Because our governments do not consult to find out what rural women and small farmers need, they come with one size fits all policies that just dump GMOs, fertilisers and commercial seeds onto farmers. They use the input subsidy programmes to camouflage the interests and profits of multinational corporations whose products are distributed through the FISPs.

A key aspect of the FISPs is how they relate to land rights for women. Women still face unequal access to land and even where women are accessing land often they do not own or have control over that land. As one woman said in her testimony, ‘When the man dies, the wife is told to bugger off.’ When women do not have control over land they cannot access FISPs, and so inequality is increasing between men and women.

New seed legislation in countries like South Africa sets a dangerous precedent for the region. They are aimed at deepening corporate control over seed and undermining small farmer control of seeds. We call on rural women of SADC to mobilise to stop any potential plans by their own governments to develop similar laws.

We as Africans are rich, but we remain poor, because of models that continue to be developed based on export and the enrichment of a few, rather than building the lives of ordinary citizens.  Our governments do not think that we are worth listening to, but we know there are ways to build our communities, which are not based on the export of our minerals, our food and our wealth.

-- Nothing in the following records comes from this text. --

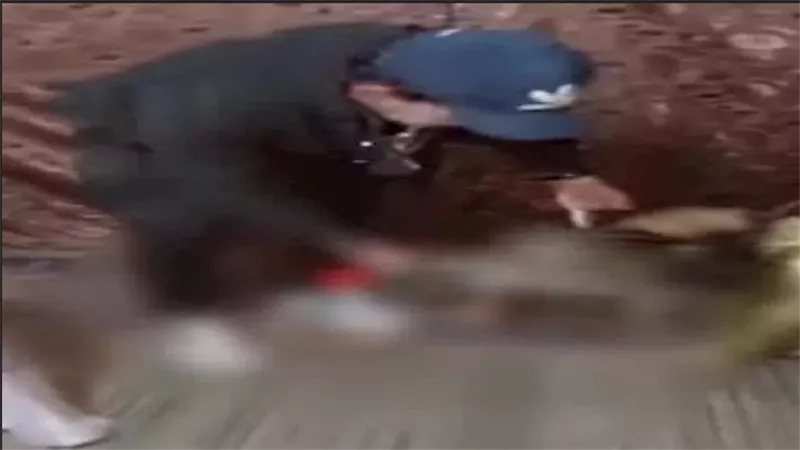 مأمورية سرية.. كواليس سقوط إمبراطور الكيف والبلطجة بأبوالنمرس
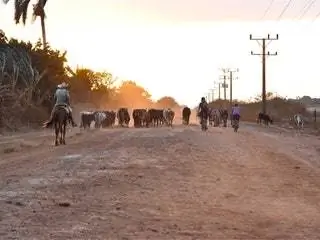 На изображении может находиться человек животное млекопитающее лошадь наездник корова и крупный рогатый скот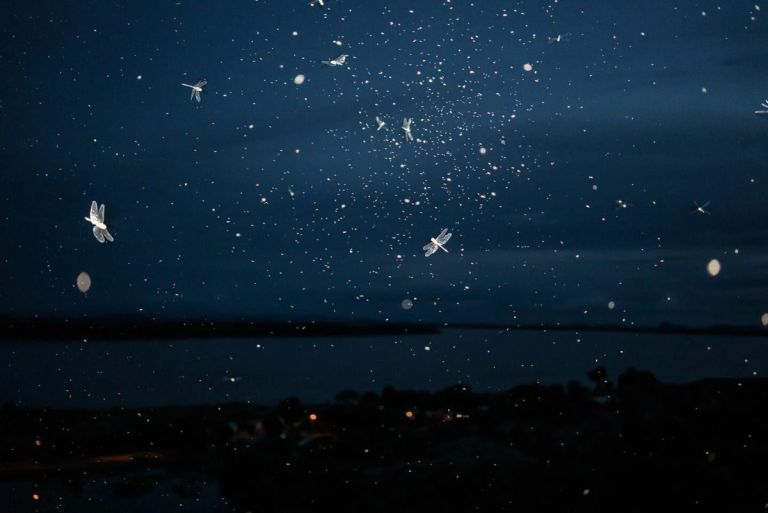 National Geographic: Οι λιβελούλες που μετέτρεψαν τον ουρανό του Ορινόκο σε παραμύθι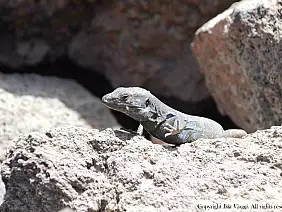 tenerife-canarie-2zeqs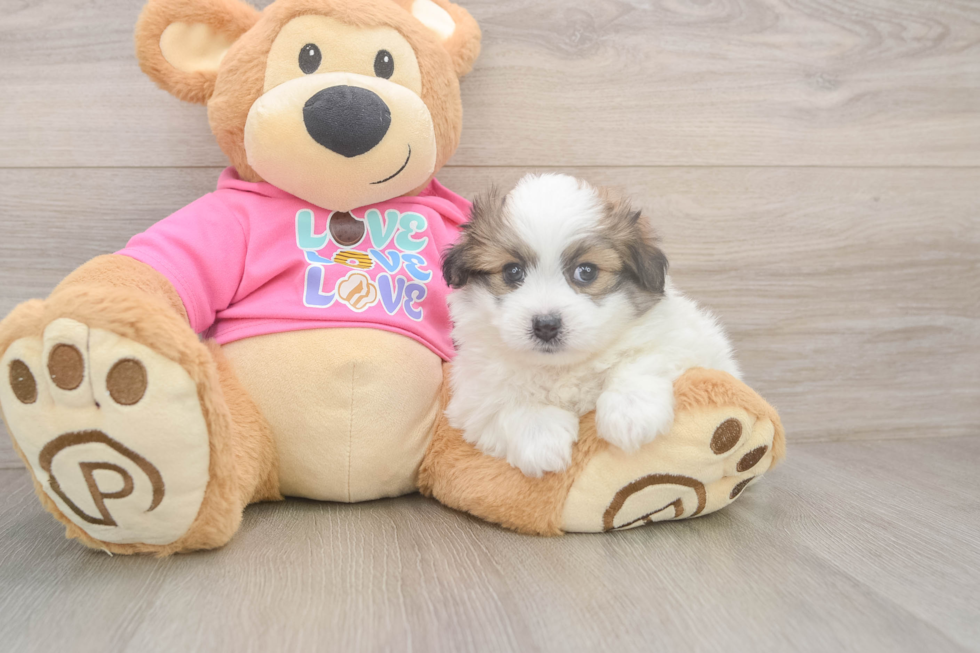 Pomachon Pup Being Cute
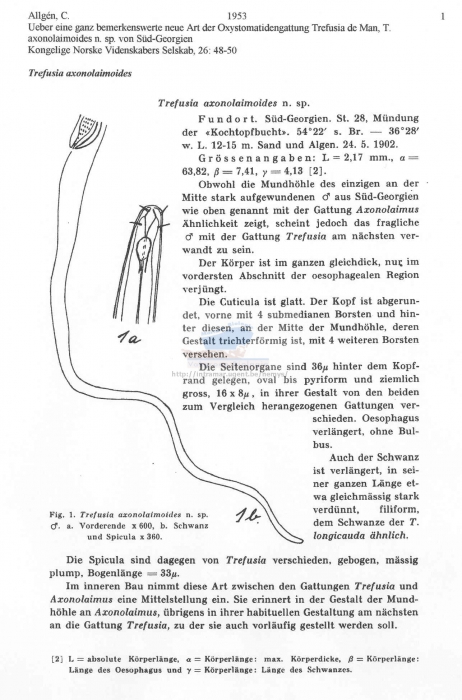 Trefusia axonolaimoides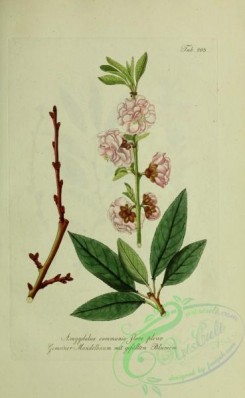 austrian_plants-00065 - amygdalus communis flore pleno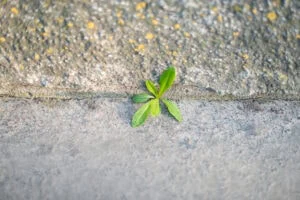 Grass broke through the crack in the pavement. Power of nature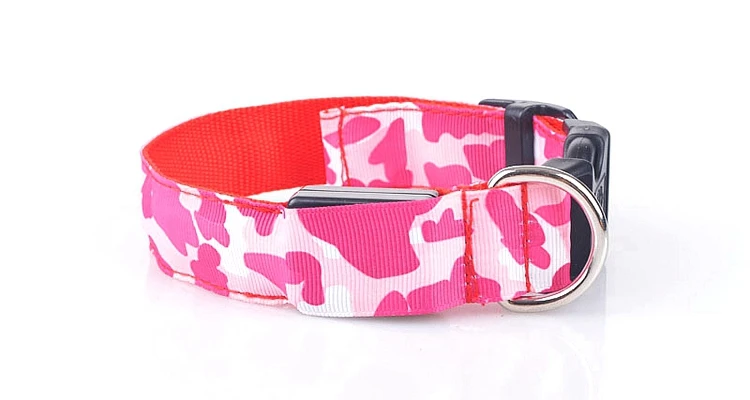 dog collar (19)
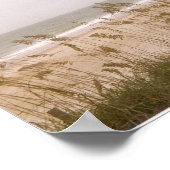 onkruid poster (Hoek)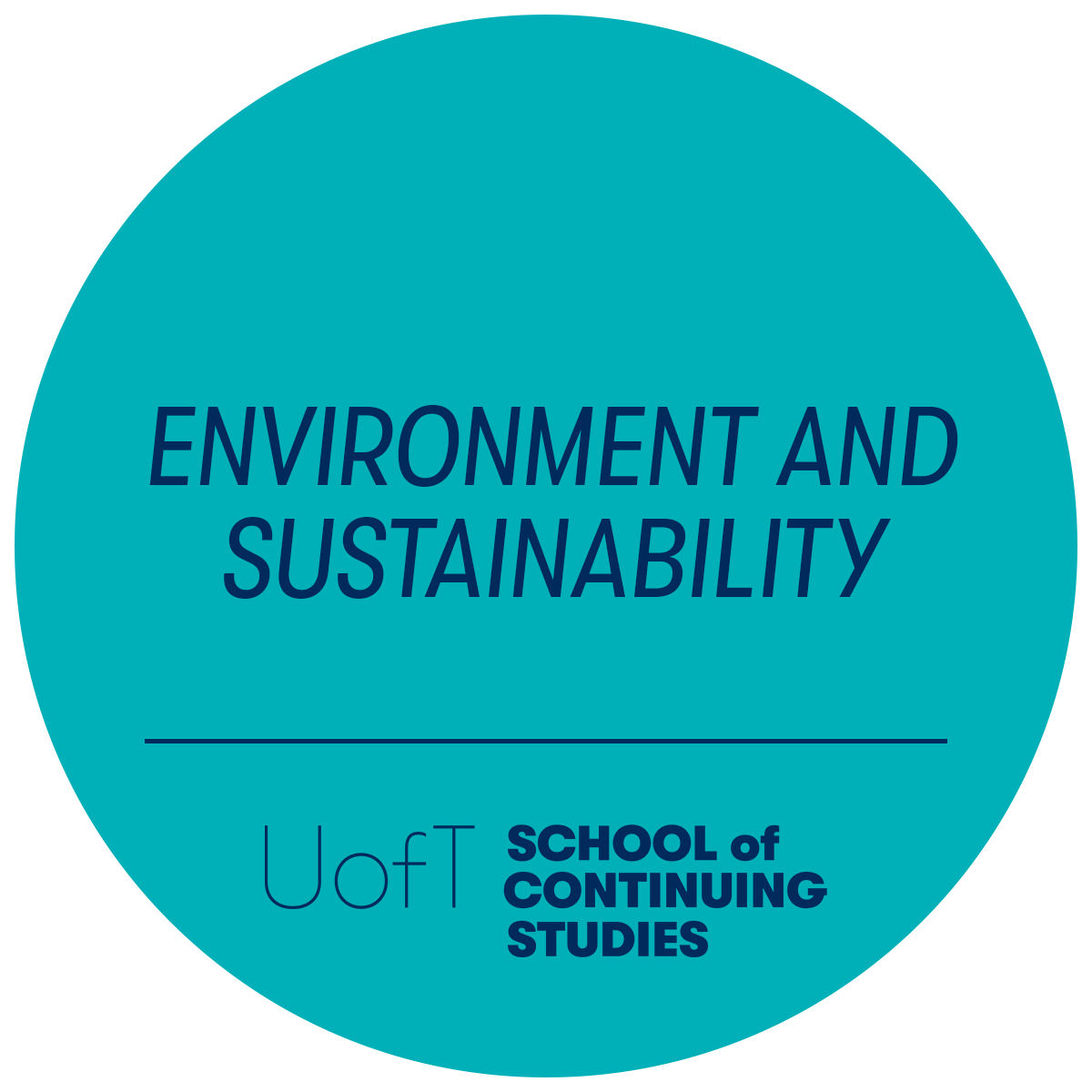 Environment and Sustainability badge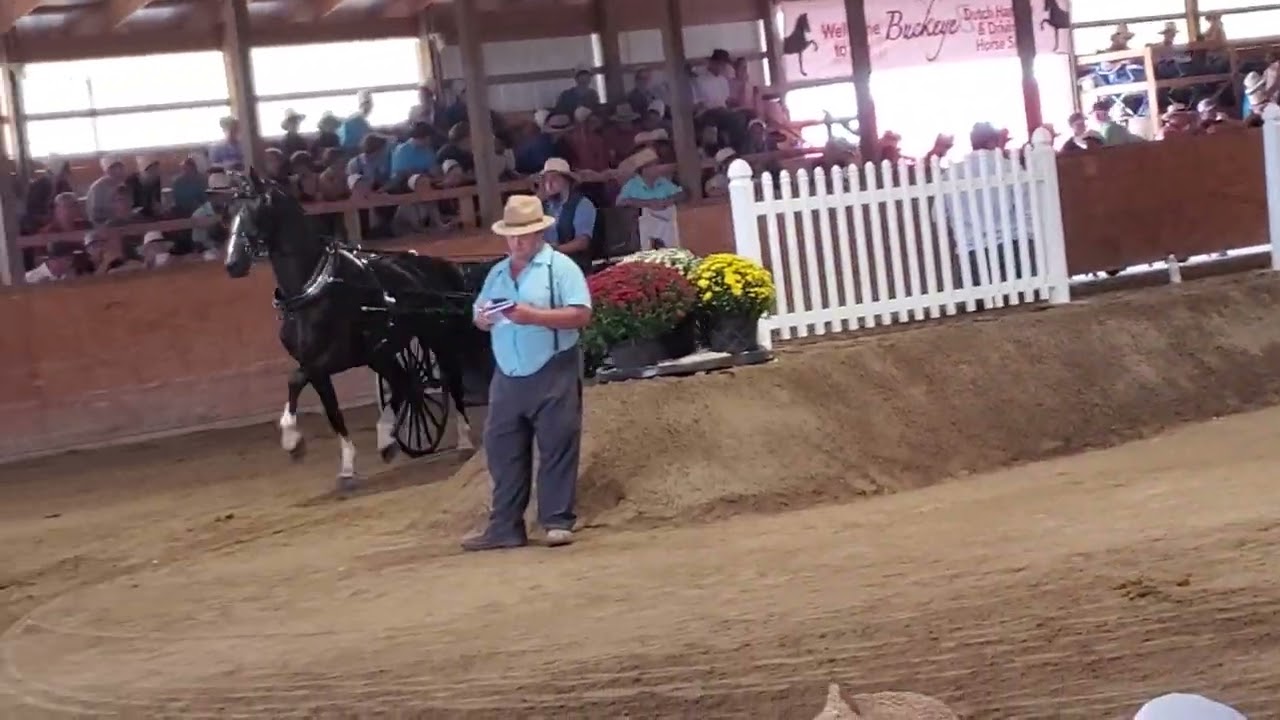 Buckeye Dutch Harness and Driving Horse sale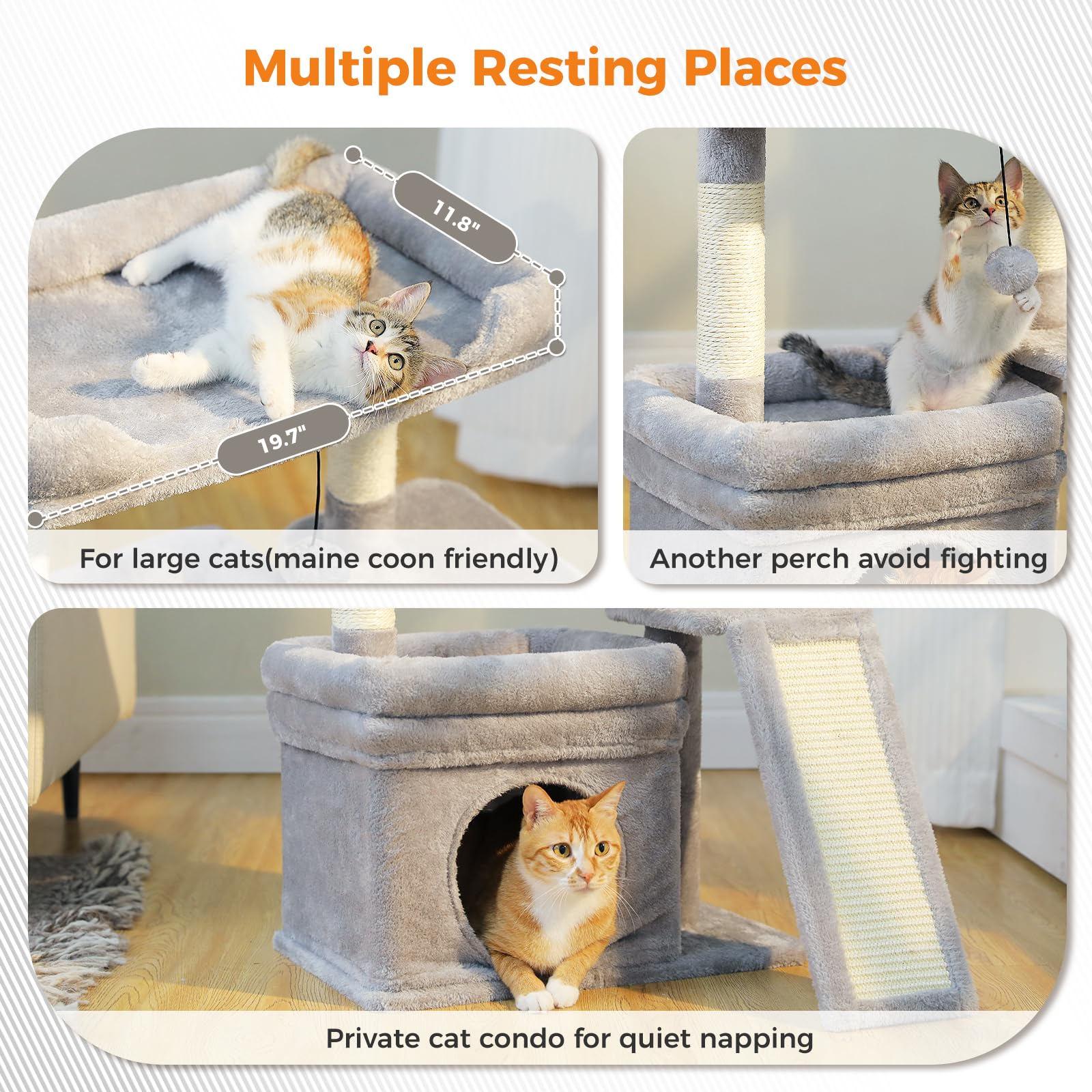 PEQULTI private condo provides a cozy retreat for focused cat downtime.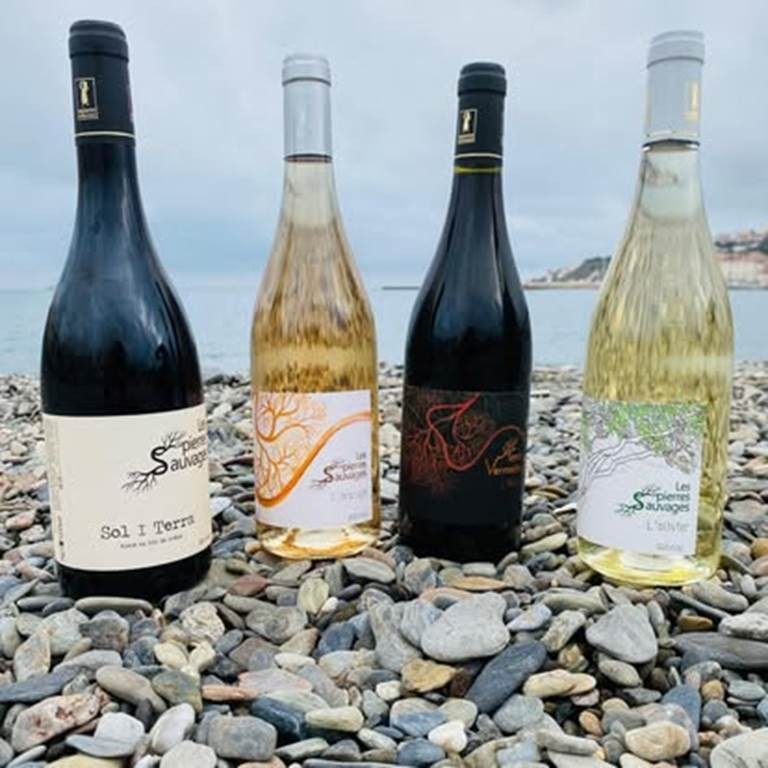 Visite + dégustation - Bonjour Fun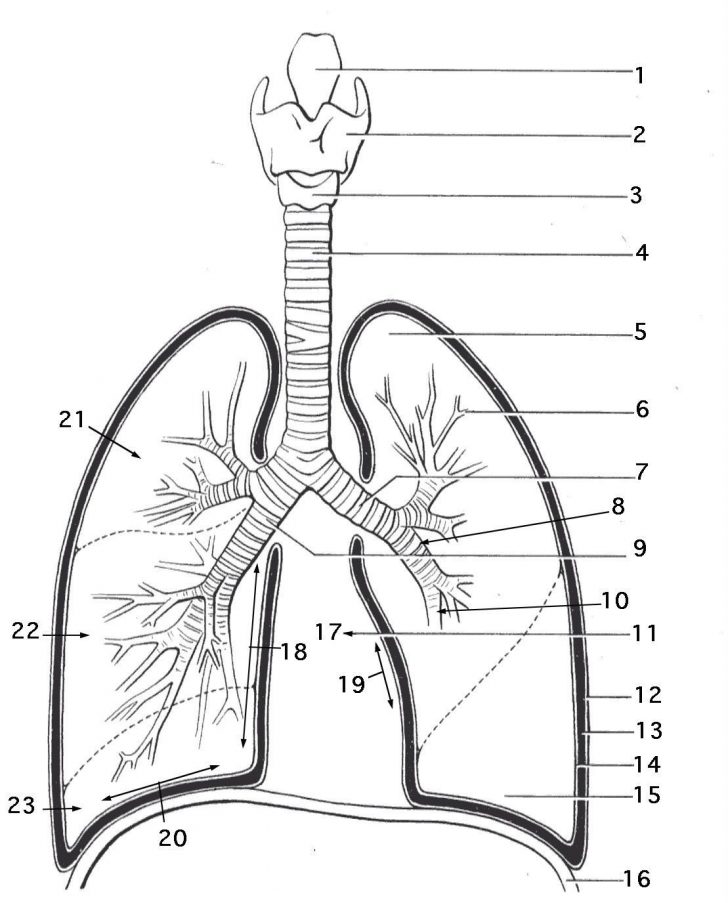 respiratory-system-coloring-page-coloring-home-printable-worksheets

The Speak Out heard how contract farming is increasing in some SADC countries but only a very small number of farmers actually benefit, and hardly any of them are women. Small farmers get into these contracts because it seems to be a source of finance in a context where their own governments do not provide them with financial support. These farmers cannot afford to employ people and so they and their family members must work ever harder to produce the crops that the companies require. Contract farming can thus be seen as a form of modern slavery, where corporations get to benefit from free land and labour and exploitative prices are paid to farmers for their produce.

In some cases, FISP is leading to increasing indebtedness as farmers have to find ways to raise their match funding to benefit from FISP and when FISP locks them into a vicious cycle that requires them to purchase inputs every year in order to produce.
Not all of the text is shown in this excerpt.